Well, that's not an open adoption...that's, at best, a semi-open adoption - but actually, its more closed than anything.
Open adoption involves ongoing contact in the form of face to face communication/visits. (Although, I admit that not everyone agrees with that definition - including some faith based agencies who use the term as a way to 'attract' people who may not have taken the time to research and learn what it really is)
Semi-Open adoption typically involves communication, but not face to face involvement post placement and often involves communication via a 3rd party or via non-id methods like PO Box or random email account.
Most all adoptions these days involve at least some pre-placement contact and exchange of basic information. This isn't an open adoption - this is just typical adoption - modern adoption often includes pre-placement contact, if even via profile online or in a book somewhere.

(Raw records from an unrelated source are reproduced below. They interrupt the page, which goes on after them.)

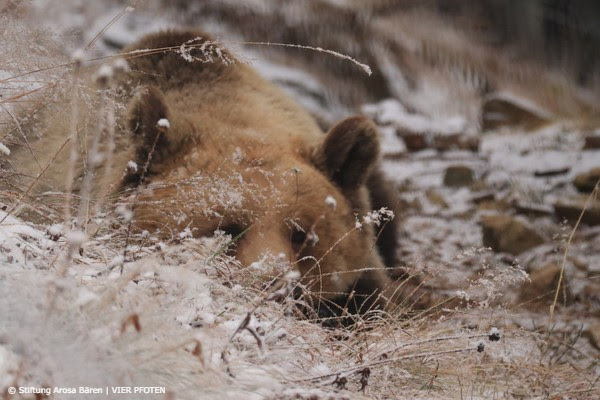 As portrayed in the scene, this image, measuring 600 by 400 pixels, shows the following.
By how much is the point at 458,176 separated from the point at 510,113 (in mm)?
1987

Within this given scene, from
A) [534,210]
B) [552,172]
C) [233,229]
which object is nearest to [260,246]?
[233,229]

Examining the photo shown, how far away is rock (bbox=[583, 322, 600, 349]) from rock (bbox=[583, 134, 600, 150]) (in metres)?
3.72

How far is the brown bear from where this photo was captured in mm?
3365

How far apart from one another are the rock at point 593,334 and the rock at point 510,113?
4.72m

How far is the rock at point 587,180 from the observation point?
22.2ft

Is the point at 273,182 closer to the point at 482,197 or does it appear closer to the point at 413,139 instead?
the point at 482,197

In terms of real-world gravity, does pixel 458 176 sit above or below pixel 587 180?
below

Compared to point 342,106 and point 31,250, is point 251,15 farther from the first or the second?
point 31,250

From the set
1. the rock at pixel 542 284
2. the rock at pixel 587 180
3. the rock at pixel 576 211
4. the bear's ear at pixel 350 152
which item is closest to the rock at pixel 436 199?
the rock at pixel 576 211

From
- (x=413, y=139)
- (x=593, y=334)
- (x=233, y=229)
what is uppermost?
(x=233, y=229)

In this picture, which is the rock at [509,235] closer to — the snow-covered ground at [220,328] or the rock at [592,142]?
the snow-covered ground at [220,328]

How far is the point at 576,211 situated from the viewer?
651cm

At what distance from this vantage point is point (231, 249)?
3.31 meters

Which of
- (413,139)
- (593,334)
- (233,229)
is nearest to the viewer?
(233,229) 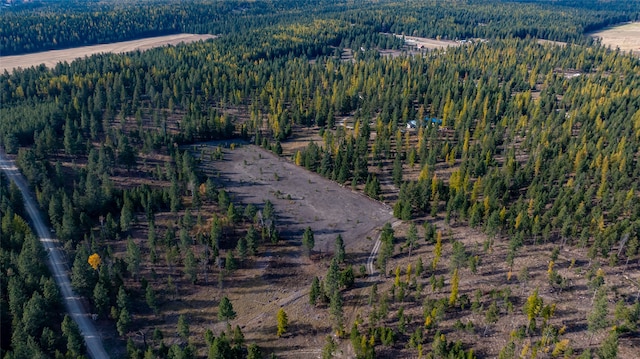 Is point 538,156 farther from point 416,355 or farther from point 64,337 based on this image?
point 64,337

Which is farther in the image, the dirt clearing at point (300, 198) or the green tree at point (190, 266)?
the dirt clearing at point (300, 198)

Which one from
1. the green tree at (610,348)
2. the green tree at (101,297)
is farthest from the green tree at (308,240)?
the green tree at (610,348)

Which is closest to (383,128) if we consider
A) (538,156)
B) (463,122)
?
(463,122)

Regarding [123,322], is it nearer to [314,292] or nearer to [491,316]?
[314,292]

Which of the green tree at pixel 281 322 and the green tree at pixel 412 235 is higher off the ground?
the green tree at pixel 412 235

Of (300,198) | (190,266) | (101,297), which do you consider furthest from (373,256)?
(101,297)

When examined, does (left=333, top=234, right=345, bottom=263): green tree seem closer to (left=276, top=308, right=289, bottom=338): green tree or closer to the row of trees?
(left=276, top=308, right=289, bottom=338): green tree

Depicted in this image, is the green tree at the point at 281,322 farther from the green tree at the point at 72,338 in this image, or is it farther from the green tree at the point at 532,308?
the green tree at the point at 532,308

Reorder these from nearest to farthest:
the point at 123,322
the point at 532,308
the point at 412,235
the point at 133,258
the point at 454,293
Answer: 1. the point at 123,322
2. the point at 532,308
3. the point at 454,293
4. the point at 133,258
5. the point at 412,235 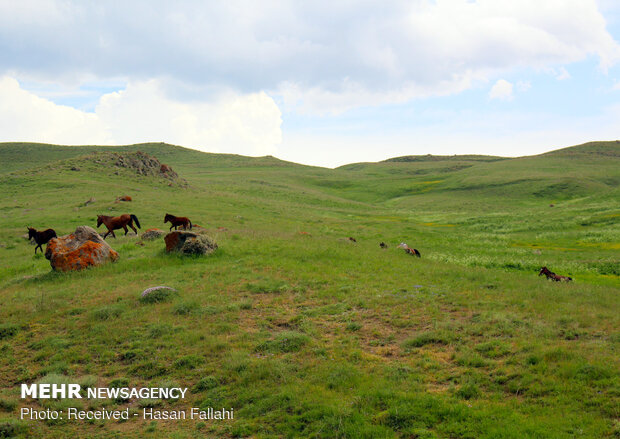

As for the other questions, I doubt that any potential birth parent is going to ask you that...and even if they did, your answer sounds a lot like what they can read on any agency website.
You might consider being more personal and not doing a "FAQ" for everyone - but instead, opening up the lines of communication when they are created and answering their questions openly and honestly when they ask.
Good luck with your journey...
Hmm, i see what you mean about it being almost closed and semi. I guess, it is not as open as we thought when we started to put down our comforts and limitations. We will take that into consideration about the FAQ page. We just wanted to make it to help the birth parents know who we are before they decide to choose us.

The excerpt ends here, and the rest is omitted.